• _EXERCISE_
Find the line below with "Now under the" and the line with "A fixed-blocked record". Output them and the lines between, exactly, but not the pictures.

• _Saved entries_
Start of Block
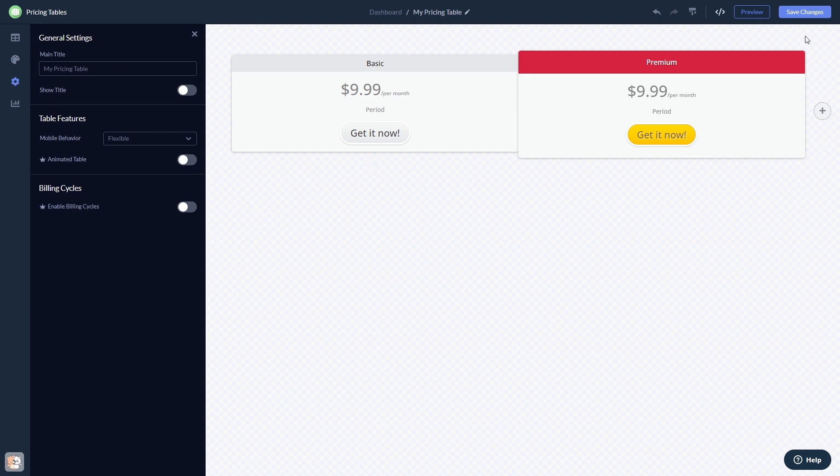When you're done, click the Save Changes button to save your work. If you don't have an account on Common Ninja yet, you'll have to register first.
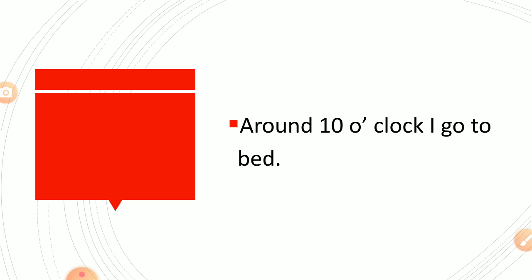Around ten o'clock I go to bed. So students this is my daily routine. With the help of this you can prepare your daily routine. Okay. See you in next video. Till then. Bye bye.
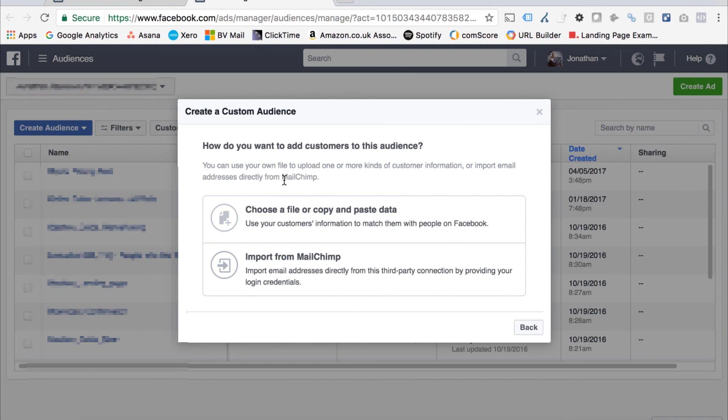It's really as simple as that, dead easy, and definitely something you should be doing when you're building out your targeting.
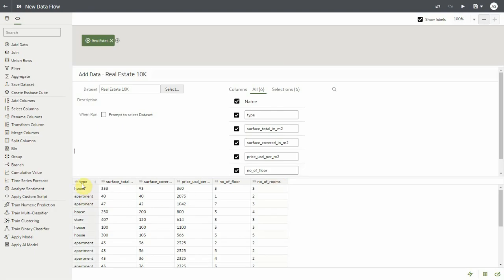Please note that the column names type, number of flow, and number of rooms are different from the ones in the training dataset.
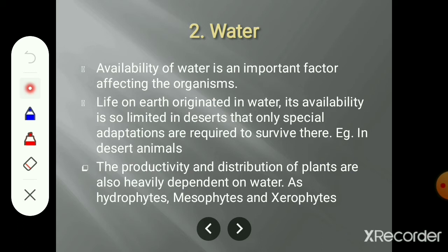During the course of evolution, the availability of water is not the same all over the earth. In the case of desert regions, the availability of water is limited. In that region, the plants and animals adapt themselves to survive in that condition. In our practical, we are going to learn about the adaptations in plants and animals according to the habitat.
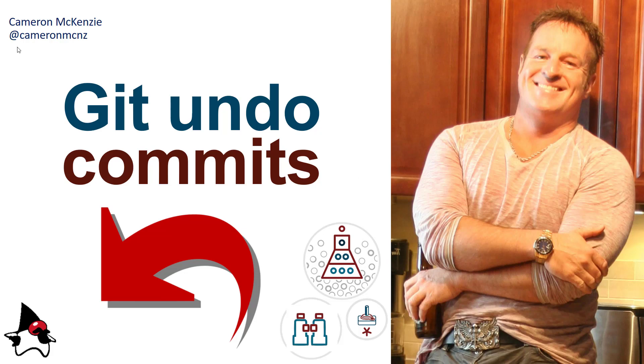Hey, I'm Cameron McKenzie. I'm the editor-in-chief over at theserverside.com and you can follow me on Twitter at CameronMCNZ. Right now, I wanted to talk to you about how you can undo your Git commits.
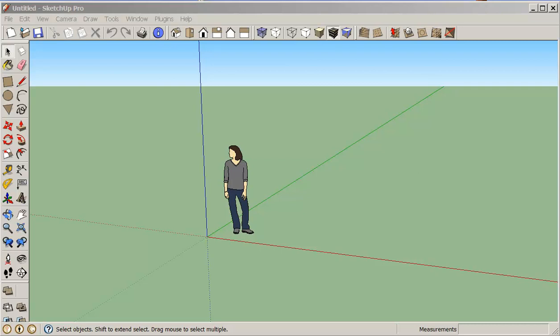Hello, my name is Stephen Carr and I'd like to welcome you to another SketchUp cooking class. In this session here, we are going to bring an AutoCAD file into SketchUp.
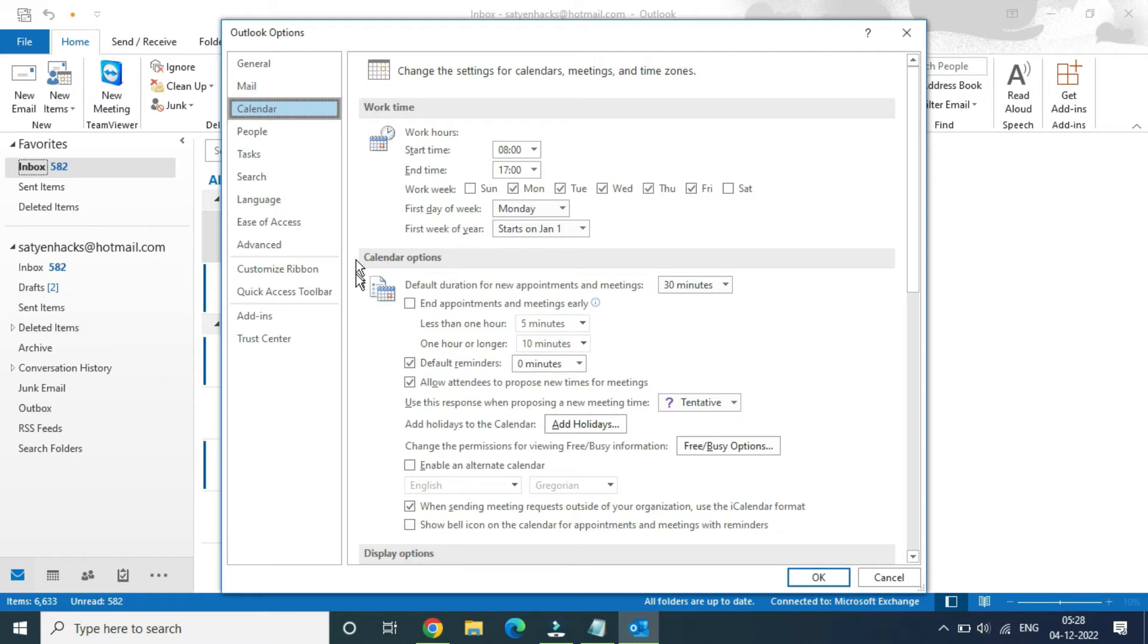Now under the calendar options, simply go to this option: add holidays to calendar. You can see this option right here.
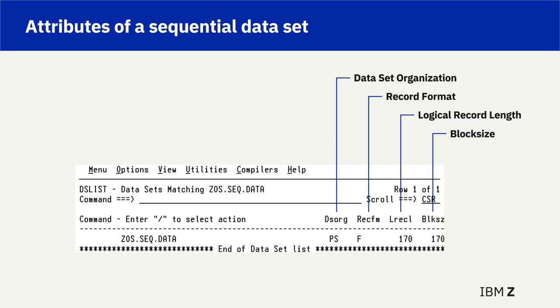A fixed-blocked record format would result in a block size value that is a selected multiple of the logical record length.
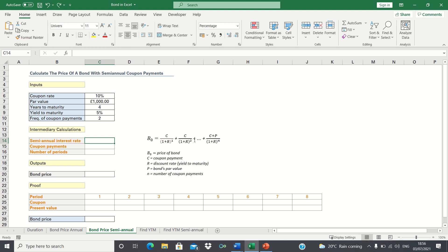In our example we have a bond which has a face value of £1,000, a coupon rate of 10%, four years to maturity, and a yield to maturity of 5%. We're also going to assume that interest payments are semi-annual, in other words paid twice a year.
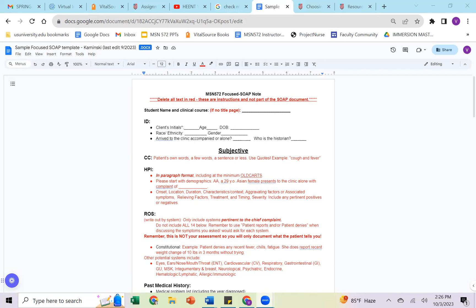So you're always going to list that, and then you're going to dive more into the information of the onset, the location, as I mentioned, duration, characteristics, aggravating and associated symptoms, relieving factors, treatment, timing, severity. So any pertinent positives that might be related there.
End of Block
• _WRITTEN ANSWER_
Now under the calendar options, simply go to this option: add holidays to calendar. You can see this option right here.
A fixed-blocked record format would result in a block size value that is a selected multiple of the logical record length.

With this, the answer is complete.